À André Falconet, le 30 août 1655, note 7.
Note [7]

  • V. note [11], lettre 65, pour George Buchanan (mort en 1582) et ses deux poèmes contre les moines : Franciscanus [Le cordelier] et Fratres fraterrimi [Les frères très fraternels].

  • Carolus Utenhovius (Karel van Utenhove, Gand 1536-Cologne 1600), humaniste flamand, protestant et polyglotte, a séjourné dans divers pays (Flandres, France, Allemagne, Angleterre, Suisse).

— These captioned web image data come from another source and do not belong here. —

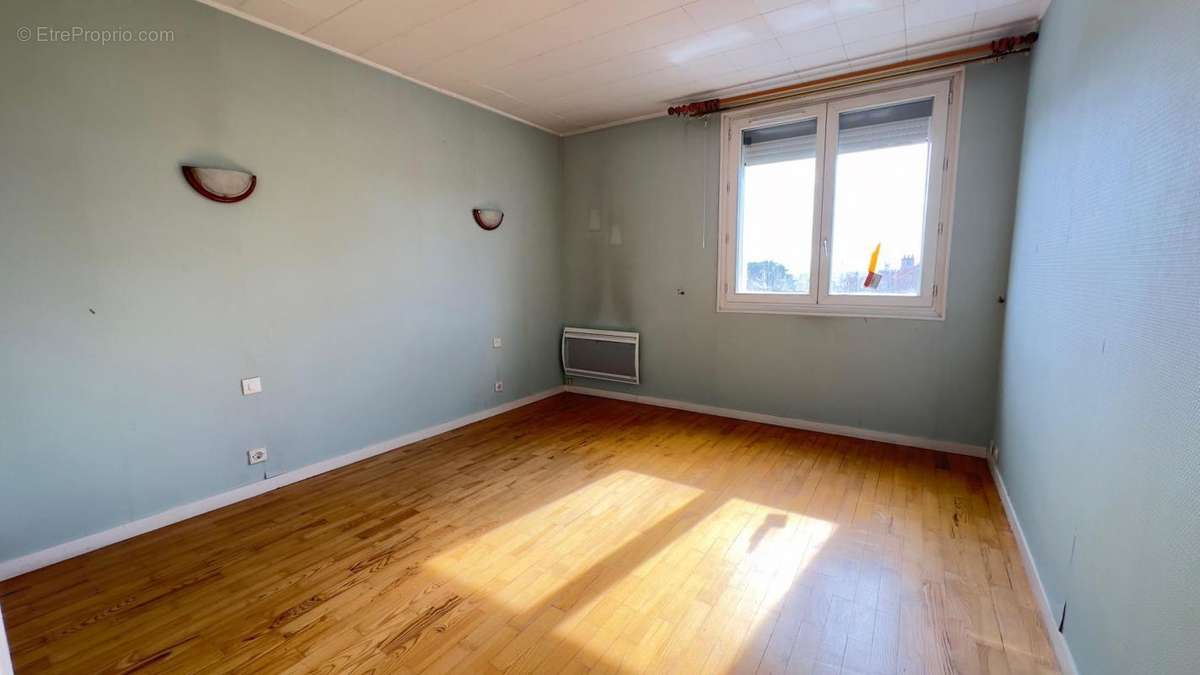 Appartement à NEUILLY-PLAISANCE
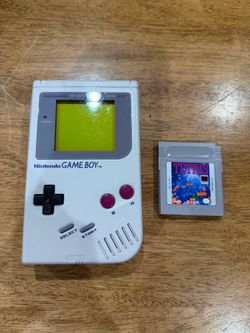 Nintendo GameBoy  Console Handheld DMG-01 W/ Tetris Game Tested/Working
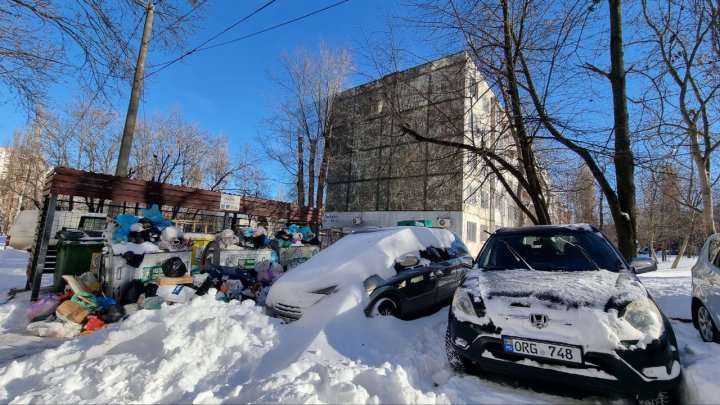 Șoferii sunt îndemnați să nu parcheze mașinile în fața platformelor de colectare a deșeurilor. Care este MOTIVUL (FOTO/VIDEO)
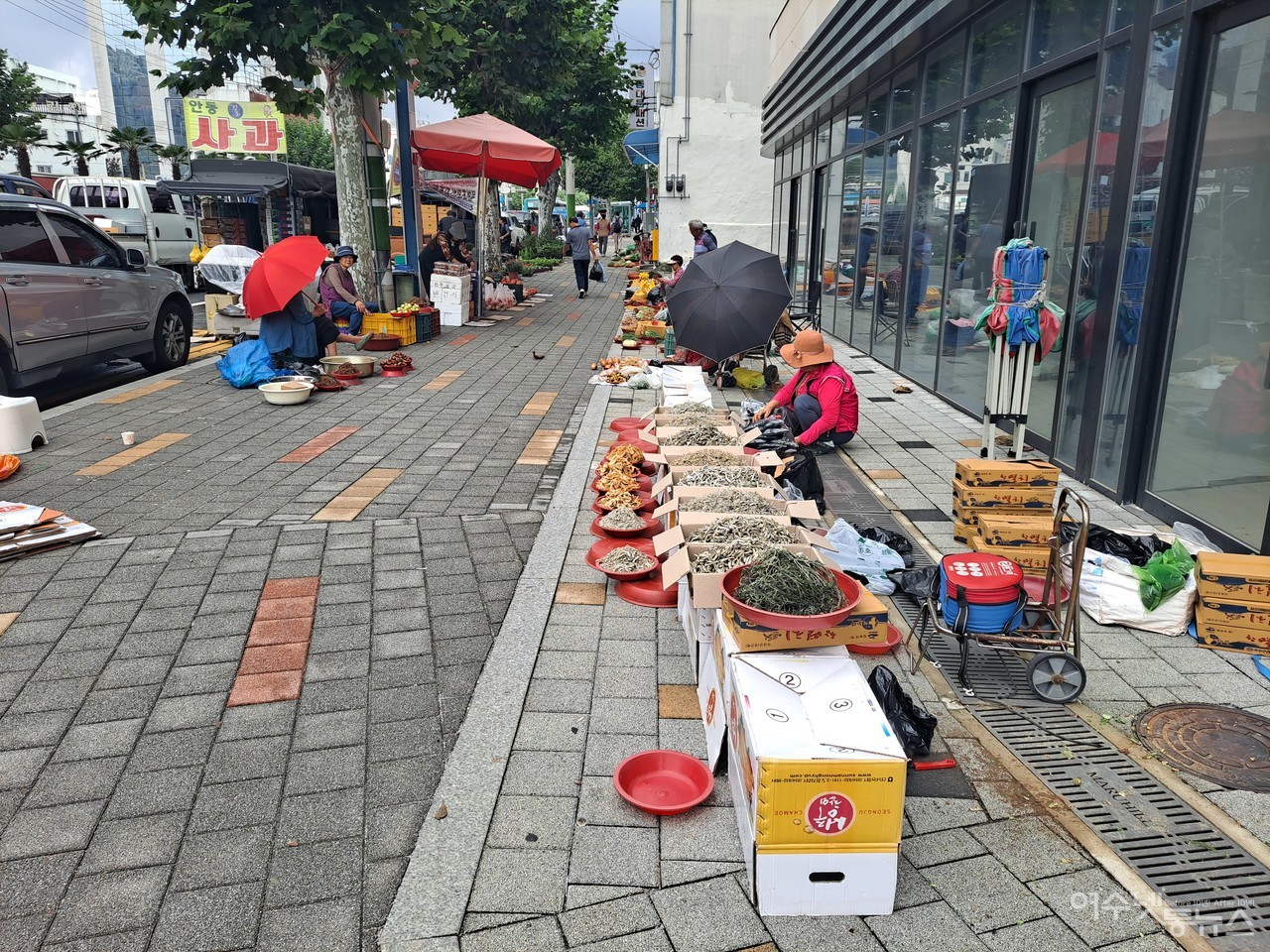 ▲ 한산하기만 한 여수 서시장 주변 재래시장 풍경이다. ⓒ조찬현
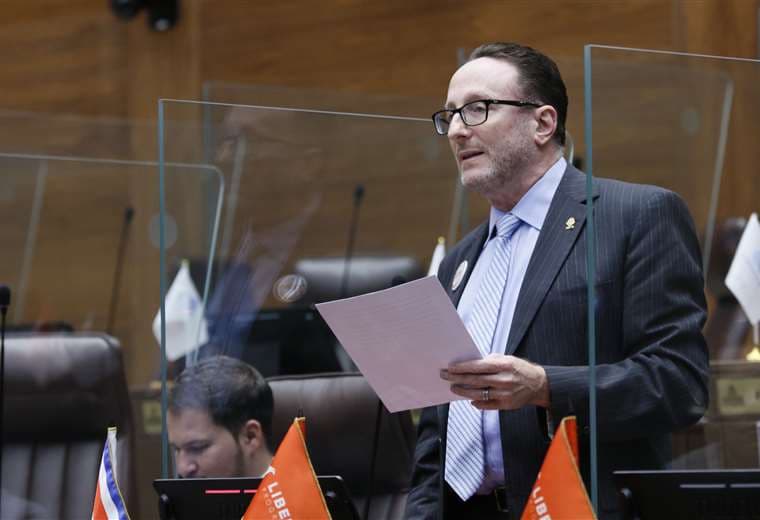 Eli Feinzaig deja la presidencia del PLP y en su lugar asumirá Cati Phillips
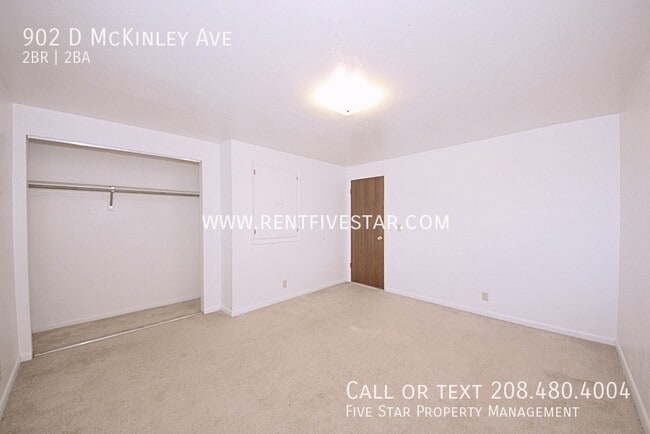 Building Photo - 902 McKinley Ave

Il a publié quelques ouvrages, dont les :

    Caroli Utenhovii F. patricii Gandavensis, Xenia, seu ad illustrium aliquot Europæ hominum nomina, Allusionum, (intertextis alicubi Ioach. Bellaii eiusdem argumenti versibus) Liber primus. Ad Elizabetham Sereniss. Angl. Franc. Hib. etc. Reginam.

    [Offrandes de Carolus Utenhovius, le fils, {a} gentilhomme Gantois, ou premier livre de distractions sur les noms de quelques illustres personnages d’Europe (auxquelles ont été mêlés ici et là aux vers de Joachim Du Bellay portant le même titre). {b} Dédié à Élisabeth, sérénissime reine d’Angleterre, de France, d’Irlande, etc.] {c}


    1. Son père portait le même prénom que lui.

    2. Paris, 1569, v. note [40] du Borboniana 10 manuscrit.

    3. Sans lieu ni nom ni date, in‑8o, dédicace à la reine datée de Bâle, le 1er janvier 1568.

    Les poèmes de ce recueil sont principalement latins, mais aussi grecs et hébreux ; le distique intitulé Mich. Nostradamus y figure à la page 108. Ces Xenia ont été reliés avec le Franciscanus et fratres de Buchanan (édition de Bâle, Thomas Guarinus, 1568, in‑8o), en même temps que les Variorum poematum Silvæ [Silves de divers poèmes] d’Adrien Turnèbe (v. note [20], lettre 392) et de Michel de L’Hospital (v. note [3], lettre 102), et les Varia carmina [Poèmes divers] de Jean Dorat (v. note [30] du Borboniana 7 manuscrit).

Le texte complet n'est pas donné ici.